In the direction of large models, technology giants are training larger models, while academia is thinking of ways to optimize them. Recently, the method of optimizing computing power has risen to a new level.

Large-scale language models (LLM) have revolutionized the field of natural language processing (NLP), demonstrating extraordinary capabilities such as emergence and epiphany. However, if you want to build a model with certain general capabilities, billions of parameters are needed, which greatly raises the threshold for NLP research. The LLM model tuning process usually requires expensive GPU resources, such as an 8×80GB GPU device, which makes it difficult for small laboratories and companies to participate in research in this field.

Recently, people are studying parameter efficient fine-tuning techniques (PEFT), such as LoRA and Prefix-tuning, which provide solutions for tuning LLM with limited resources. However, these methods do not provide practical solutions for full-parameter fine-tuning, which has been recognized as a more powerful method than parameter-efficient fine-tuning.

In the paper "Full Parameter Fine-tuning for Large Language Models with Limited Resources" submitted by Qiu Xipeng's team at Fudan University last week, researchers proposed a new optimizer LOw- Memory Optimization (LOMO).

By integrating LOMO with existing memory saving techniques, the new approach reduces memory usage to 10.8% compared to the standard approach (DeepSpeed ​​solution). As a result, the new approach enables full parameter fine-tuning of a 65B model on a machine with 8×RTX 3090s, each with 24GB of memory.
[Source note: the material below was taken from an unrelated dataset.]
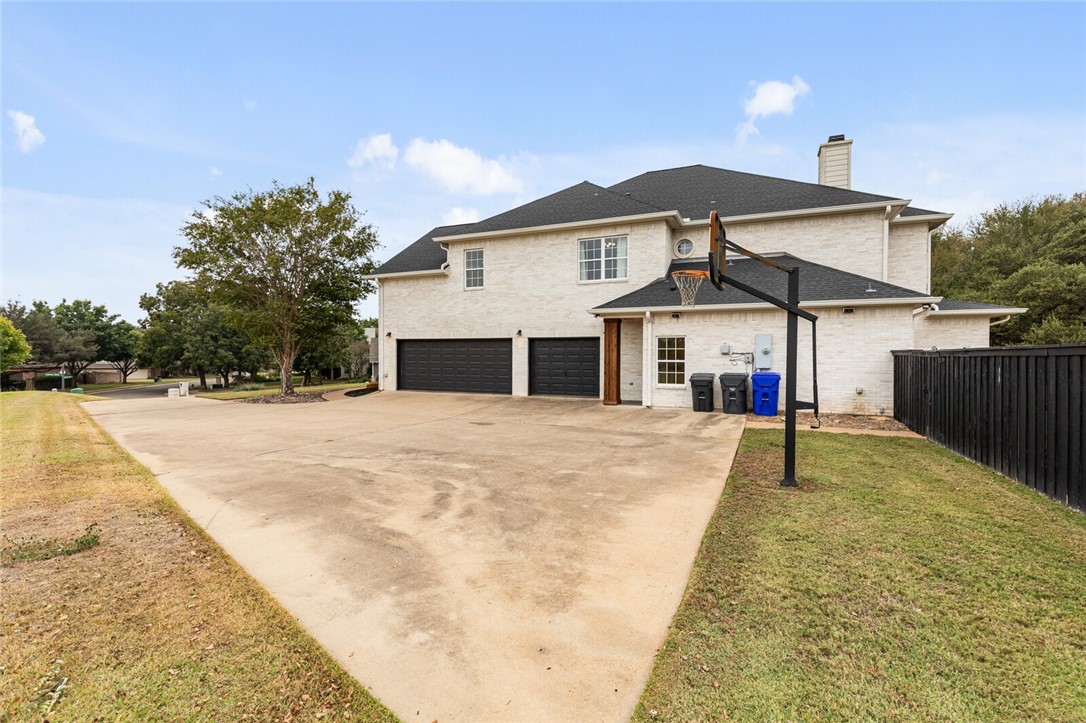 295 Settlers Creek Trail, Woodway, Texas image 8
65 billion parameters, 8 GPUs can fine-tune all parameters: Qiu Xipeng’s team has lowered the threshold for large models

Paper link: https://arxiv.org/abs/2306.09782

In this work, the author analyzed four aspects of memory usage in LLM: activation, optimizer state, gradient tensor and parameters, and optimized the training process in three aspects:

  1. We rethought the function of the optimizer from an algorithmic perspective and found that SGD is a good alternative in fine-tuning the complete parameters of LLM. This allows the authors to delete entire parts of the optimizer state, since SGD does not store any intermediate state.
  2. The newly proposed optimizer LOMO reduces the memory usage of gradient tensors to O(1), which is equivalent to the memory usage of the largest gradient tensor.
  3. To stabilize mixed-precision training using LOMO, the authors integrate gradient normalization, loss scaling, and convert certain calculations to full precision during training.

#New technology makes memory usage equal to parameter usage plus activation and maximum gradient tensors. The memory usage of full parameter fine-tuning is pushed to the extreme, which is only equivalent to the usage of inference. This is because the memory footprint of the forward backward process should be no less than that of the forward process alone. It is worth noting that when using LOMO to save memory, the new method ensures that the fine-tuning process is not affected, because the parameter update process is still equivalent to SGD.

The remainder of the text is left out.